Sent from my SM-G900V using Tapatalk


----------



## cremeans31 (Sep 17, 2013)

It helps the shooter out!


----------



## cabbage2009 (Apr 9, 2009)

If i'm correct Elite paid $1000.00 for first for Amateur classes last year. So by this there paying half of what they paid last year. I would say Matthews up'ed the game and Elite is falling behind. As for as amateur payouts.


----------



## Kstigall (Feb 24, 2004)

Elite is paying out to more classes than Mathews. Elite paid out last year as well. Mathews actually _followed _Elite.


----------



## cabbage2009 (Apr 9, 2009)

Yes but what i'm saying is they paid out $1000.00 for first last year for amateur classes and only $500.00 this year they cut it in half. Matthews is paying $1500.00 this year. http://www.archerytalk.com/vb/showthread.php?t=3400961


----------



## rhyno_071 (Feb 22, 2009)

PFD42 said:


> Actually Mathews is paying out better than Elite across the board on amateur classes .
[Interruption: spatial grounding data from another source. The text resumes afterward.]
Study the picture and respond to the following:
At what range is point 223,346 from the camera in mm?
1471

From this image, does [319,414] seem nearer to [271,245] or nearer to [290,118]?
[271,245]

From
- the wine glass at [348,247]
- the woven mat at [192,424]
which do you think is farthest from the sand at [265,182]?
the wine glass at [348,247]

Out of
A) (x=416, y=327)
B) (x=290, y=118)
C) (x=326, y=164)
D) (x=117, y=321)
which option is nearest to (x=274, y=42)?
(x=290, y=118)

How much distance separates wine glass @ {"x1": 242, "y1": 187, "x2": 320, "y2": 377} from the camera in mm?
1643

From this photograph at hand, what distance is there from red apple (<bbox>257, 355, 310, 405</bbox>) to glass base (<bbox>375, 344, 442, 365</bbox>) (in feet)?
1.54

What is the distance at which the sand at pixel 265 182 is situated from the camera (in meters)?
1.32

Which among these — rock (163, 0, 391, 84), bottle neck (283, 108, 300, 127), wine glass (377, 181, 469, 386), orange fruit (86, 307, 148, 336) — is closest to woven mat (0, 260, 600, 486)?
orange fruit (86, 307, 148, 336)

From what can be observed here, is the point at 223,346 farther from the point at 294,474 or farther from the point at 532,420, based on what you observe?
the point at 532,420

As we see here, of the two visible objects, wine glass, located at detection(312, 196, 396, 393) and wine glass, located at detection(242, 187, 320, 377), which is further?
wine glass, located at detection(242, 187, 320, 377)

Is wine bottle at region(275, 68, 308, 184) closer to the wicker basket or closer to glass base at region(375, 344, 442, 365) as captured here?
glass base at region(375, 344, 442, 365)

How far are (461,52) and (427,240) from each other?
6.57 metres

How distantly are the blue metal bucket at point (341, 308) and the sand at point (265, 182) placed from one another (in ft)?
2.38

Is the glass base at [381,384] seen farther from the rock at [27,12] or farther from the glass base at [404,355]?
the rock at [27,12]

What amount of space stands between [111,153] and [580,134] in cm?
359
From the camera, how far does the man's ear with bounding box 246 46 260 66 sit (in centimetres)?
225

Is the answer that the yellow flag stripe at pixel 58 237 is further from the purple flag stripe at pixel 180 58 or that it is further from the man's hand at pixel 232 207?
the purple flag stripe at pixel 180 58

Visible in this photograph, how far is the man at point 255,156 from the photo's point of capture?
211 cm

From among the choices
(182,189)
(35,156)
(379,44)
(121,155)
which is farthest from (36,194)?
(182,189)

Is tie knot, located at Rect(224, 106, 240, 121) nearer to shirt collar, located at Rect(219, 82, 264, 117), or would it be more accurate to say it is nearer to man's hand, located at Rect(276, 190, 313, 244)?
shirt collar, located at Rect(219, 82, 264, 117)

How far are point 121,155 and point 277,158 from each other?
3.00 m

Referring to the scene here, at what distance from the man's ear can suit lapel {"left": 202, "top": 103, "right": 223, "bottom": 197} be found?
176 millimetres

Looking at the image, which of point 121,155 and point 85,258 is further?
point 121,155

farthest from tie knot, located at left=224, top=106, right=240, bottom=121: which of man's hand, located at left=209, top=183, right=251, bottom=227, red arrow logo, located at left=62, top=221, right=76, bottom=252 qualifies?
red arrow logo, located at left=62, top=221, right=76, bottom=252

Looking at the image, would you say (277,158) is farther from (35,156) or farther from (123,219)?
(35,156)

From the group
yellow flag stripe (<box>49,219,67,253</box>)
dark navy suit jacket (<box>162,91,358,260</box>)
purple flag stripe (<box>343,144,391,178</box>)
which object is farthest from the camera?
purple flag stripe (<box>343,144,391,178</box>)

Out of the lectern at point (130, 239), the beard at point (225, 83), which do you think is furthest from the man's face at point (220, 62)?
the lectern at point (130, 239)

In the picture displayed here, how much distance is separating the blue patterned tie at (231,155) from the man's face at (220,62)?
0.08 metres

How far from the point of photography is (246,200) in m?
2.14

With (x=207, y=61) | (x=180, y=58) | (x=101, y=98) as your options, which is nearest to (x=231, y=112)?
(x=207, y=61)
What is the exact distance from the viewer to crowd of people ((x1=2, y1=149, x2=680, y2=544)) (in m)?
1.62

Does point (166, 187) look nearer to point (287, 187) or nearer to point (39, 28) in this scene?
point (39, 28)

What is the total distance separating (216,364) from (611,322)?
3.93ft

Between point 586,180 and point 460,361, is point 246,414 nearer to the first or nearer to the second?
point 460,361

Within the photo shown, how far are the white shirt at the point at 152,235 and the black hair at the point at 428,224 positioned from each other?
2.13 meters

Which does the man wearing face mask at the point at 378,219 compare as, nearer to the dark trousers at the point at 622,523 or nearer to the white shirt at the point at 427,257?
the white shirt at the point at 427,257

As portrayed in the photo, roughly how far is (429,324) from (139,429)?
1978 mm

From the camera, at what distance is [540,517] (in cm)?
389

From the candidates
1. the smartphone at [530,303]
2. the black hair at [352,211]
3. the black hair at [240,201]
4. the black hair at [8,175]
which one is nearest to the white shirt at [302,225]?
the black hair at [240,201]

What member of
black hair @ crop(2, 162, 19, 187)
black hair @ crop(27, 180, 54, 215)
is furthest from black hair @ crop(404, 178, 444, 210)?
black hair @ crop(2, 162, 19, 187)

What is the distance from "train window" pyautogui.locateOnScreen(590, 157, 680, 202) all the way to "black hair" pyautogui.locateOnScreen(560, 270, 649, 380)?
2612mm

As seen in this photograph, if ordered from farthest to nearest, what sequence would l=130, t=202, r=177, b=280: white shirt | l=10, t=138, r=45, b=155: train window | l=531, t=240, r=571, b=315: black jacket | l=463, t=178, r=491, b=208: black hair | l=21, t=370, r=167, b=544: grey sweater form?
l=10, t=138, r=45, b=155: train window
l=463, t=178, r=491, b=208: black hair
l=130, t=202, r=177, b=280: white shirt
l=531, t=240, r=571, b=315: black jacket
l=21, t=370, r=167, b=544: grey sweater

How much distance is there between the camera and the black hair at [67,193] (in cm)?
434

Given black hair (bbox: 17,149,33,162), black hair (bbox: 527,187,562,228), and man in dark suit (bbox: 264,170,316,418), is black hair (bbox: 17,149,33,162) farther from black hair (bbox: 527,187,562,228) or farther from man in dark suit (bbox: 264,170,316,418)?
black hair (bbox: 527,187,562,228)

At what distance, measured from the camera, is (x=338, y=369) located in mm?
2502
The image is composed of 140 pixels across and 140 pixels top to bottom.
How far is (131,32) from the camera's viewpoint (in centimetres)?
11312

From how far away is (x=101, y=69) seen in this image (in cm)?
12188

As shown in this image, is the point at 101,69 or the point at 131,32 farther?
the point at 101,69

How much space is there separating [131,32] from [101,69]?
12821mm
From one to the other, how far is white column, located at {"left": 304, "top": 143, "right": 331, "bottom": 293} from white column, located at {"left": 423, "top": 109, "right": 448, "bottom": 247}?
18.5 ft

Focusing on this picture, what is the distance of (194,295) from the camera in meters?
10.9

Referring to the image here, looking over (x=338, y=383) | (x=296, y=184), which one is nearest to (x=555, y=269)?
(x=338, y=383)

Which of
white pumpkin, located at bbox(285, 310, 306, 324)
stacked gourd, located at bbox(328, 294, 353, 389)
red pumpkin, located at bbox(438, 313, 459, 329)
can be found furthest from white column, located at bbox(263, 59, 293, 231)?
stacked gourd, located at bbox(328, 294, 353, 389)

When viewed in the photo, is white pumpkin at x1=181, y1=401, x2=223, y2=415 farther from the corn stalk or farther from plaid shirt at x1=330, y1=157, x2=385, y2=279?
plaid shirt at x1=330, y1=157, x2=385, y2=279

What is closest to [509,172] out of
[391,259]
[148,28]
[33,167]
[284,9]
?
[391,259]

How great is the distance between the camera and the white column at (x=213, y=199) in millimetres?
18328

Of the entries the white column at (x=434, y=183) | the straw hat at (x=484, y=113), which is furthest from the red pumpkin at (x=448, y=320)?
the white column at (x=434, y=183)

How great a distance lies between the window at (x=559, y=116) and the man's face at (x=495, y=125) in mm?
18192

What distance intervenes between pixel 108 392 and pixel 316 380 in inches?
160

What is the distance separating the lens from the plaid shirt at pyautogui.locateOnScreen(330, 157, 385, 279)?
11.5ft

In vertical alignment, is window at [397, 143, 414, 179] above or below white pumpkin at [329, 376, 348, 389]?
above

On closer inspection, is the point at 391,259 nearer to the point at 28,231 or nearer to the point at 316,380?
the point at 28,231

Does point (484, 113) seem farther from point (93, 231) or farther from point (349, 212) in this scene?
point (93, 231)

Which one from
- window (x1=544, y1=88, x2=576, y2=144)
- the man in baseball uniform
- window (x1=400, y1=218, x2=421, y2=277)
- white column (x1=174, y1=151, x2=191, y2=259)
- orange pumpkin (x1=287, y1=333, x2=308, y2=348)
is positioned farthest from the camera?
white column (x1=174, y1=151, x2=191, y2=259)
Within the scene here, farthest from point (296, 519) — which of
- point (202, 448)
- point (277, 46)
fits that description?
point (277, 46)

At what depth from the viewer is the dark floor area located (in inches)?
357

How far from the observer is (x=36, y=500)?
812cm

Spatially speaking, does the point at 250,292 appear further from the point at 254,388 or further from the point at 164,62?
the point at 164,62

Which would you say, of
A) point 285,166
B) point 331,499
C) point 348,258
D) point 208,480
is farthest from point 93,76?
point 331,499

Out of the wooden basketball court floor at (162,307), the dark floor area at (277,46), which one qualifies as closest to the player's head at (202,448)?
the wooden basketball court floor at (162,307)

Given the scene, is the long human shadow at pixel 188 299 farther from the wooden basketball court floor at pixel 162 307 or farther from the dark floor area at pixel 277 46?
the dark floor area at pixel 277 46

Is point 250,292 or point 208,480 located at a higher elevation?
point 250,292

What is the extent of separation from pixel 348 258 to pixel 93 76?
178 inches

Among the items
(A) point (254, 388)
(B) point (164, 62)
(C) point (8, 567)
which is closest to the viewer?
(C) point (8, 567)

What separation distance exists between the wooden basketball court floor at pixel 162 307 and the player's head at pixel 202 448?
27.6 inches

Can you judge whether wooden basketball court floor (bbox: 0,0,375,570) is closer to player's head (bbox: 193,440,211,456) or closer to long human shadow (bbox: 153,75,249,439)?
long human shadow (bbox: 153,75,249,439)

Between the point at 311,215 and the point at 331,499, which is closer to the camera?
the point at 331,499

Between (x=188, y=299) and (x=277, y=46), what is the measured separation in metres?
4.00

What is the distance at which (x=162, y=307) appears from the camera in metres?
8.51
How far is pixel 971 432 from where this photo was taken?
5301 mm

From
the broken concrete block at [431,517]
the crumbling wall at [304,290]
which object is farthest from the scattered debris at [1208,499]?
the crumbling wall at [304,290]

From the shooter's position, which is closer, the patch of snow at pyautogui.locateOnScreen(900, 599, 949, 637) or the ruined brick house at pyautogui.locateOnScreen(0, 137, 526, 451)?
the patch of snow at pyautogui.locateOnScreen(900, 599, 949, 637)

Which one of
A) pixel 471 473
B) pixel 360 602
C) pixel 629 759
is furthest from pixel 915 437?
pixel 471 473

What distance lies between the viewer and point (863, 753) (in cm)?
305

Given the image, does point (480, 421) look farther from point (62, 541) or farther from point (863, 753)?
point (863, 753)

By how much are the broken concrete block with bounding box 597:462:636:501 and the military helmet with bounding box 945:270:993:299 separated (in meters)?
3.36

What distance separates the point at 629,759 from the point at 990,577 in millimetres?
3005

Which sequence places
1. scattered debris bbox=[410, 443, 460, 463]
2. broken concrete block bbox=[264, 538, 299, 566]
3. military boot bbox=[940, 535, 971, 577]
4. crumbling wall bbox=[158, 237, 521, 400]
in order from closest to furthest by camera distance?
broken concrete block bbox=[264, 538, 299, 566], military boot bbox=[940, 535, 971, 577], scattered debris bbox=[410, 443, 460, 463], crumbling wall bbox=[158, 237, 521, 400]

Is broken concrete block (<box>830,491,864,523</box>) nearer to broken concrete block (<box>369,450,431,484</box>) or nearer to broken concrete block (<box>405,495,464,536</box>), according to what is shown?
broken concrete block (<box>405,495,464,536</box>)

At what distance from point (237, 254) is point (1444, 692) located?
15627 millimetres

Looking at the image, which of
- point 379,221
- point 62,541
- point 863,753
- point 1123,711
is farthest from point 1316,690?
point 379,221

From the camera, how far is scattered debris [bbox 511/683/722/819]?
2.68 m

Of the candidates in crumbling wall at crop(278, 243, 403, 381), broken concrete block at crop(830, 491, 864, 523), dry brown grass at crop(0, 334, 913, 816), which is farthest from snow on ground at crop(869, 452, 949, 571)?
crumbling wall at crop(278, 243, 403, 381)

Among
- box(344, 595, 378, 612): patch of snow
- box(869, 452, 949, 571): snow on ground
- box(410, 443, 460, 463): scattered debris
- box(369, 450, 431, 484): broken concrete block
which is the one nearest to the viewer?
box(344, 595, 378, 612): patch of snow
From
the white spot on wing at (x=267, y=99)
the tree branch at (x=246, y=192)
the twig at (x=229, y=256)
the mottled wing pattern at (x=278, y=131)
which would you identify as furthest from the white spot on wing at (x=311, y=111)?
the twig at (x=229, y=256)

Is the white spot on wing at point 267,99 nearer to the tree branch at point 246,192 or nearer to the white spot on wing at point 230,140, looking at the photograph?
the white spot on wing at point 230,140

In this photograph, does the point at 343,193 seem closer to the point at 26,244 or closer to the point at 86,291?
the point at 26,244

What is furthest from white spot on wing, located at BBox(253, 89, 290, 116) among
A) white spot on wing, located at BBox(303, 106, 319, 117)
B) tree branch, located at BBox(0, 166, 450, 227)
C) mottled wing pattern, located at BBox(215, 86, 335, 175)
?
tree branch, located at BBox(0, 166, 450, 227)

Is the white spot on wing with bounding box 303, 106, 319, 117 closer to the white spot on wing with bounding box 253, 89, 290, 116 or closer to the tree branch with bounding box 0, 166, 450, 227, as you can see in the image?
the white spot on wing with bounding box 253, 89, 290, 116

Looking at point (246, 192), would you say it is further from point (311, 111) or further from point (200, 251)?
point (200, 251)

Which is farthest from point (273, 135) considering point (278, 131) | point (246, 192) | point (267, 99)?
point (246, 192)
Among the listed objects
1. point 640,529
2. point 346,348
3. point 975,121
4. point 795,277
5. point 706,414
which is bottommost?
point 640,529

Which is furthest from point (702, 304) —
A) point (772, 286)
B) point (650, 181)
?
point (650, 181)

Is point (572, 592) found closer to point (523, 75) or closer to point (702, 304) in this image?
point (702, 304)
Mathews isn't doing anything for amateurs at IBO events. So probably not better across the board. But glad to see both manufactures paying amateur classes. It's good for archery.


----------



## PFD42 (Mar 31, 2011)

Just comparing apples to apples , Asa to Asa . Being that I only shoot Asa that's what I was comparing .


----------



## Ala_Archer (Nov 1, 2006)

cabbage2009 said:


> If i'm correct Elite paid $1000.00 for first for Amateur classes last year. So by this there paying half of what they paid last year. I would say Matthews up'ed the game and Elite is falling behind. As for as amateur payouts.


You are correct. Elite may be paying more money overall this year but they have definitely reduced the payouts in certain classes in order to increase the payouts in other classes. Im sure Levi is happy, but I'm an amateur and IF I was ever fortunate enough to win I'd really like to feel like I had won something worth winning. Oh well, guess I'll start looking at Mathews again.

Ala Archer


----------



## Garceau (Sep 3, 2010)

1000 or 500 for the lower classes "isn't worth winning" ?


----------



## Outback Man (Nov 21, 2009)

Heck I'd slap my momma for $500...twice


----------



## swampy_44 (Nov 15, 2013)

I wouldn't think most amateurs shoot for the money. Personally I shoot too win. And if I'm lucky enough to win an ASA national shoot, knowing that I won that title would mean alot to me. And whatever money I did receive is just a bonus on top of that title.


----------



## cabbage2009 (Apr 9, 2009)

Garceau said:


> 1000 or 500 for the lower classes "isn't worth winning" ?


I'm not saying it's not worth winning I'm not gonna win it anyway. What I'm saying is they are paying half of what they paid the last two years to certain classes. I'm sure the bows there selling to these classes won't be half price. 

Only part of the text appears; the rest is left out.